§ ASSIGNED TASK
Nothing but the lines from the one containing "Zapięcie rowerowe z" to the end of the data should be copied, exactly, and the pictures stay out.

§ MATERIAL PROVIDED
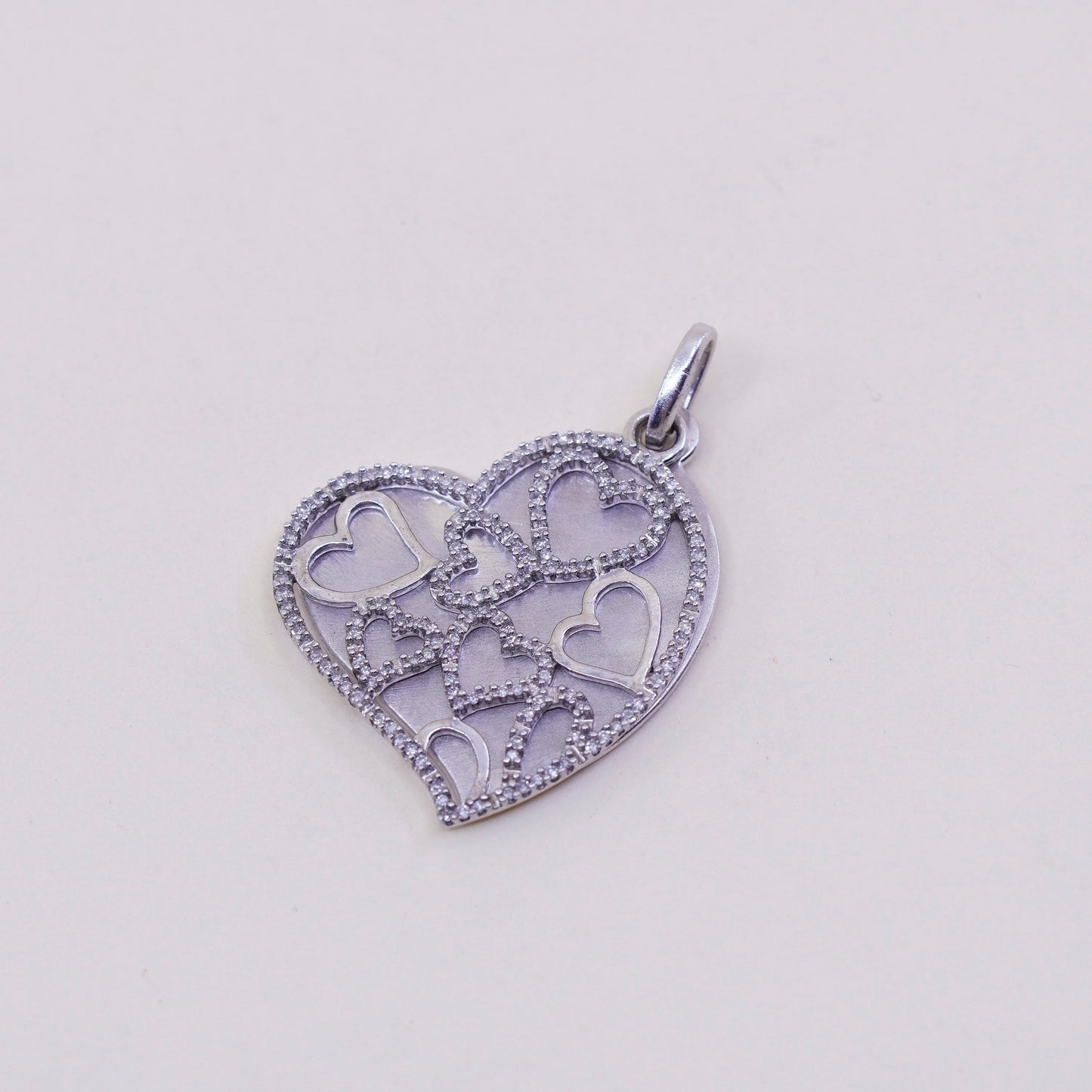 vintage JWBR Sterling silver Pendant, 925 heart Pendant with real diamond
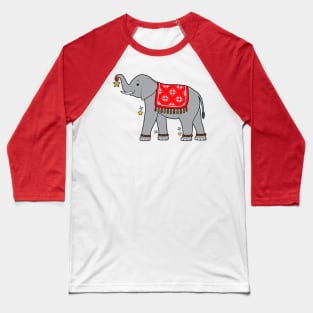 Elephant Dressed for the Holidays Baseball T-Shirt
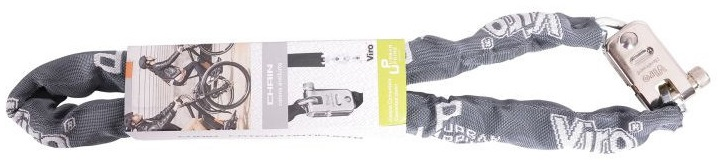 Zapięcie rowerowe z łańcuchem i mechanizmem blokującym, zapakowane.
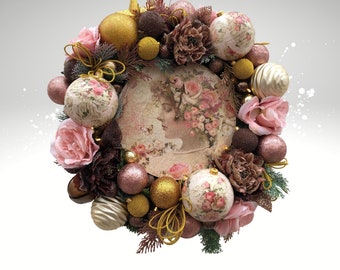 Ornament Wreath with Clock: Handmade Victorian Floral Wall Decor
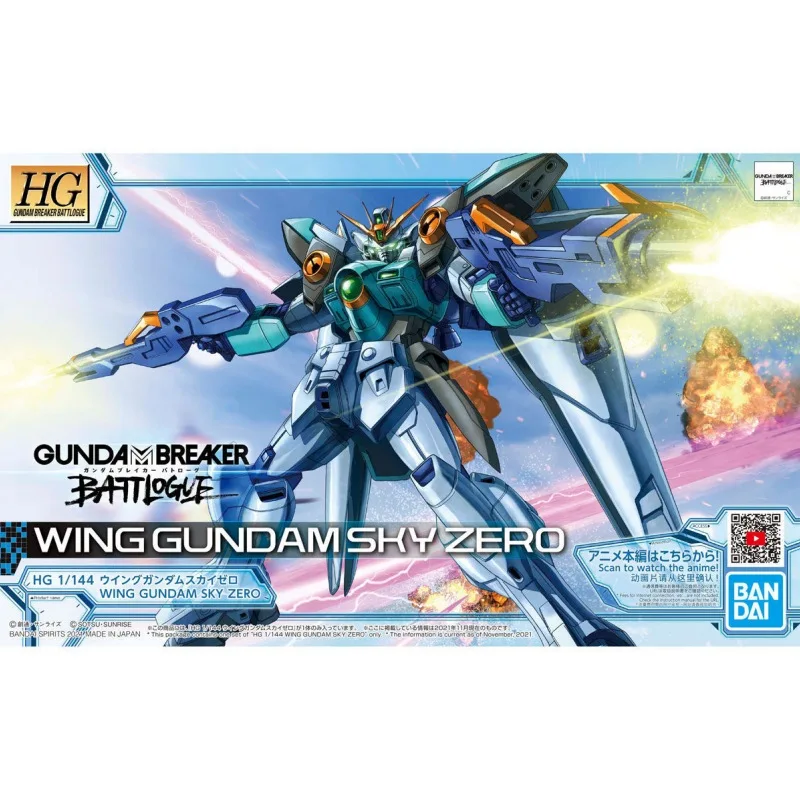 BANDAI Anime HGGBB 1/144 GUNDAM BREAKER BATTLOGUE WING GUNDAM SKY ZERO Model Kit Assembly Plastic Action Toys Figures Gift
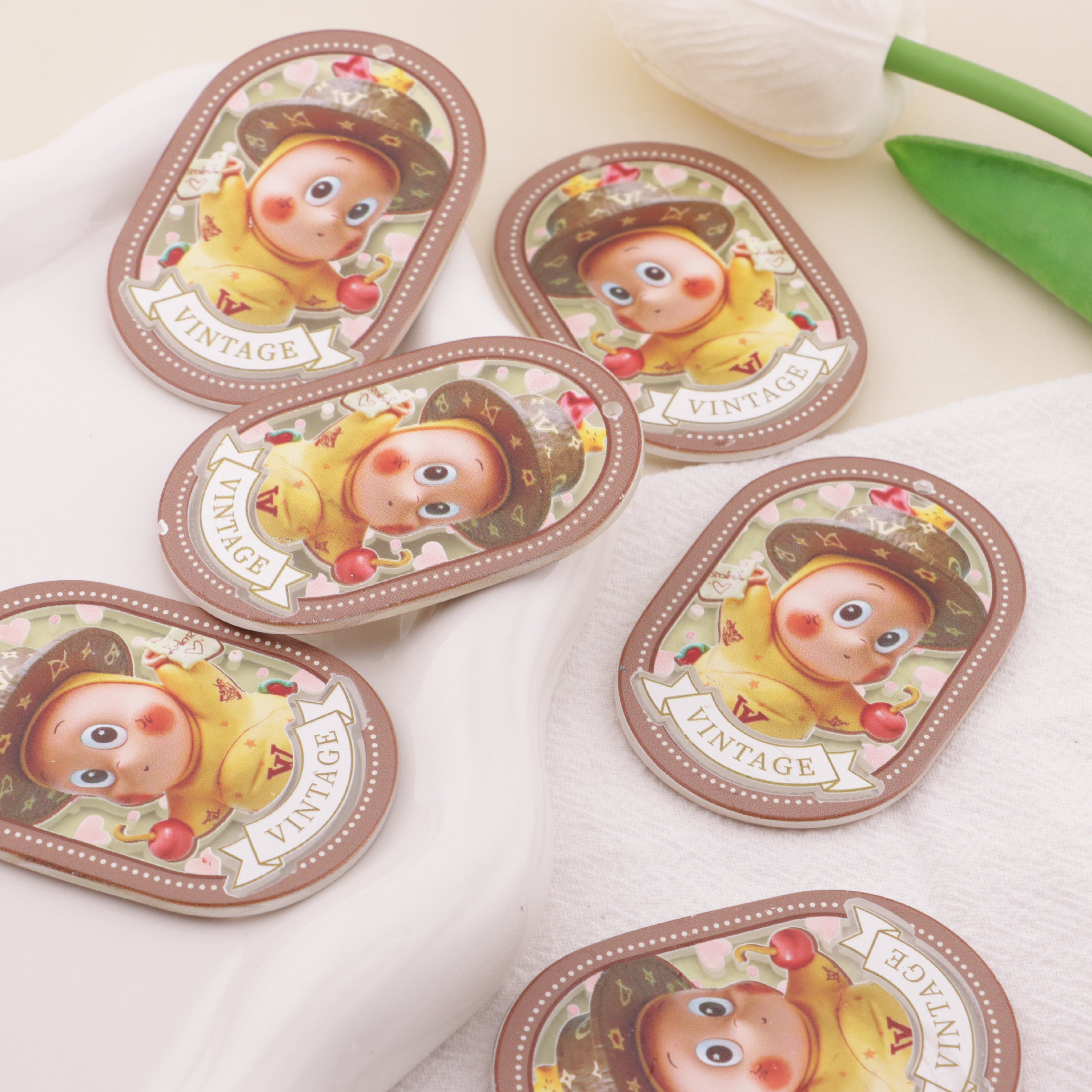 FS6428- About 59×41mm Star Person LV Acrylic Hanging Hole Zoe's DIY Shop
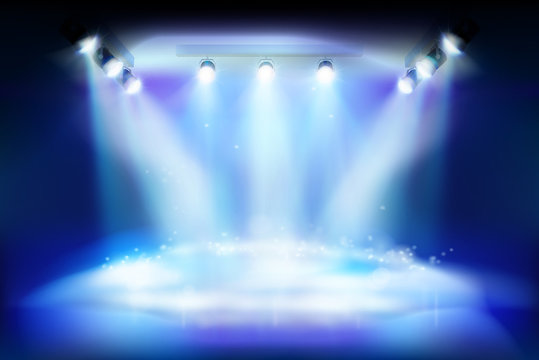 Stage during an artistic show. Place for the exhibition illuminated by floodlights. Vector illustration.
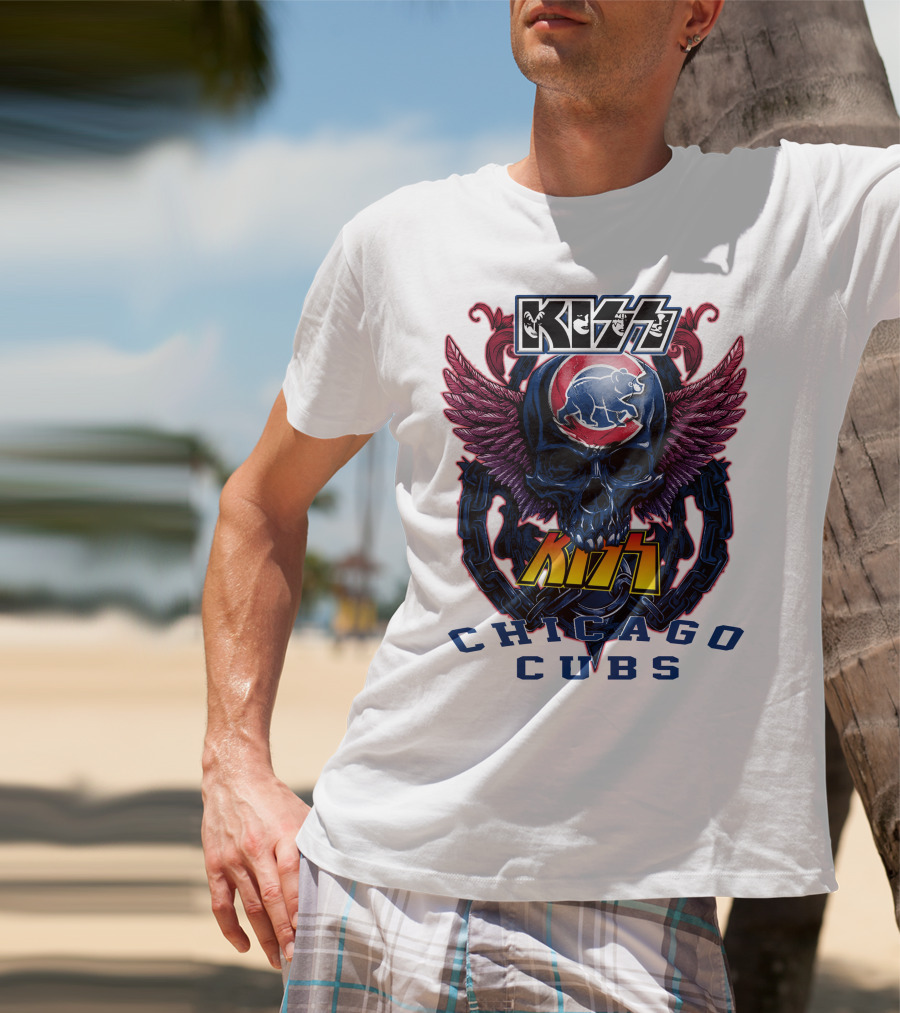 Kiss Chicago Cubs Skull Wings T-Shirt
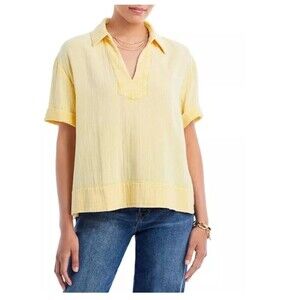 FAHERTY Dream Cotton Gauze Wren Top Sahara Sun Women Small Organic Boxy Boho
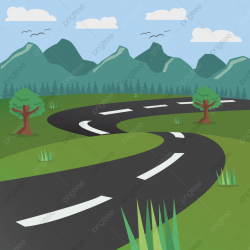 Road Landscape Background, Mountain, Cartoon, Background PNG ...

§ ANSWER BOX
 Zapięcie rowerowe z łańcuchem i mechanizmem blokującym, zapakowane.
 Ornament Wreath with Clock: Handmade Victorian Floral Wall Decor
 BANDAI Anime HGGBB 1/144 GUNDAM BREAKER BATTLOGUE WING GUNDAM SKY ZERO Model Kit Assembly Plastic Action Toys Figures Gift
 FS6428- About 59×41mm Star Person LV Acrylic Hanging Hole Zoe's DIY Shop
 Stage during an artistic show. Place for the exhibition illuminated by floodlights. Vector illustration.
 Kiss Chicago Cubs Skull Wings T-Shirt
 FAHERTY Dream Cotton Gauze Wren Top Sahara Sun Women Small Organic Boxy Boho
 Road Landscape Background, Mountain, Cartoon, Background PNG ...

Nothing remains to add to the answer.